Inclusion : peut-on revenir en arrière ?
Le principe de l’inclusion (sociale, scolaire,
professionnelle, citoyenne) des personnes en situation de handicap, ou plutôt
celui d’une société inclusive qui la permet, la promeut, et la favorise, semble
aujourd’hui aller de soi. Les personnes en situation de handicap ont acquis (au
moins formellement) avec la loi du 11 février 2005 (loi pour l'égalité des
droits et des chances, la participation et la citoyenneté des personnes
handicapées) cette égalité des droits qui leur permet de participer à la vie
sociale, d’être inclus dans la communauté humaine à laquelle ils appartiennent
dorénavant « de plein droit ». L’extension sur le terrain de ce
principe universel, qui suppose une éthique ouverte à tous, et pas seulement aux
personnes en situations de handicap, mais aussi à d’autres personnes avec
d’autres caractéristiques ou appartenances, pourrait sembler irréversible.
Mais d’un autre côté, on ne peut pas oblitérer cette réalité
que l’inclusion peine à s’exercer pleinement : l’accessibilité est encore
loin d’être « universelle », des enfants en situation de handicap ne
sont pas encore scolarisés. Et dans les établissements scolaires, de manière
plus ordinaire, on voit encore les hésitations, les peurs, les tentations de
refus, l’appel systématique à des aides ou à des supplétifs, dès lors qu’il
s’agit de penser à la participation d’un élève en situation de handicap à
l’activité de l’école (il n’est pas rare de voir considérer l’inclusion dans un
collège comme une participation sociale à la vie sociale, mais surtout pas à
l’apprendre ensemble dans les cours). Cependant cette lenteur d’évolution ne
remet pas en cause l’irréversibilité du mouvement.

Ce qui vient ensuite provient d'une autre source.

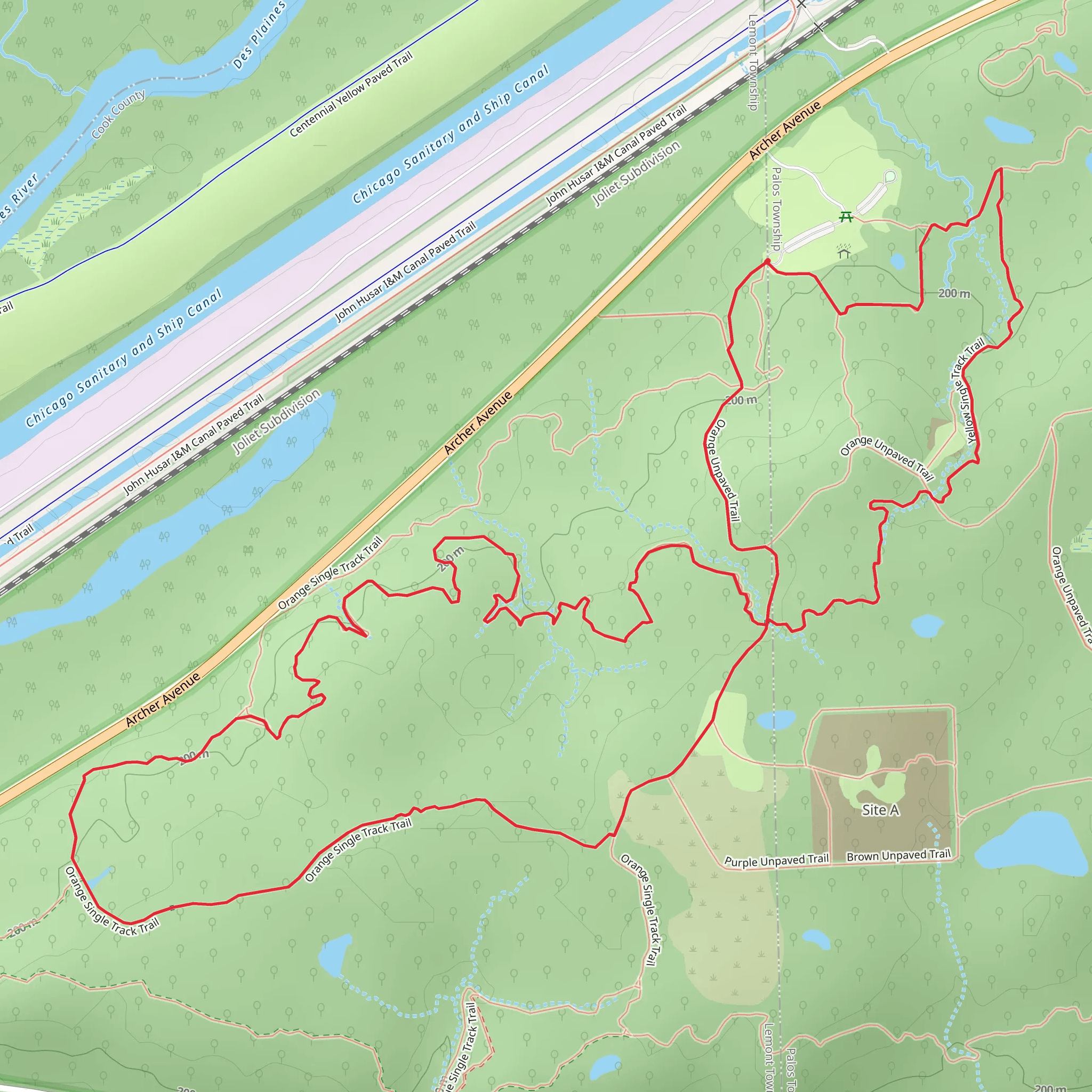 Palos Orange and Blue Unpaved Loop Trail mobile static map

Il ne faut pas oublier non plus que ce mouvement peut
rencontrer des obstacles et d’immenses régressions. L’eugénisme prôné dans la
première partie du XXe siècle, les exterminations nazies des personnes
déficientes, mais aussi l’interdiction de la langue des signes pour les sourds,
sont là pour rappeler que l’appropriation des droits n’est pas un long fleuve
tranquille pour les personnes en situation de handicap. Aujourd’hui encore,
dans certains courants du transhumanisme, la sélection d’une élite humaine
susceptible d’être améliorée grâce aux découvertes bio-technologiques va de
pair avec un eugénisme, voire une élimination, des personnes moins performantes
dans la perspective envisagée.
Par rapport à ces évolutions, il serait pertinent de faire
siens les propos que tenait Simone de Beauvoir concernant les évolutions de la
condition féminine : « N’oubliez
jamais qu’il suffira d’une crise politique, économique ou religieuse pour que
les droits des femmes soient remis en question. Ces droits ne sont jamais
acquis. Vous devrez rester vigilantes votre vie durant ».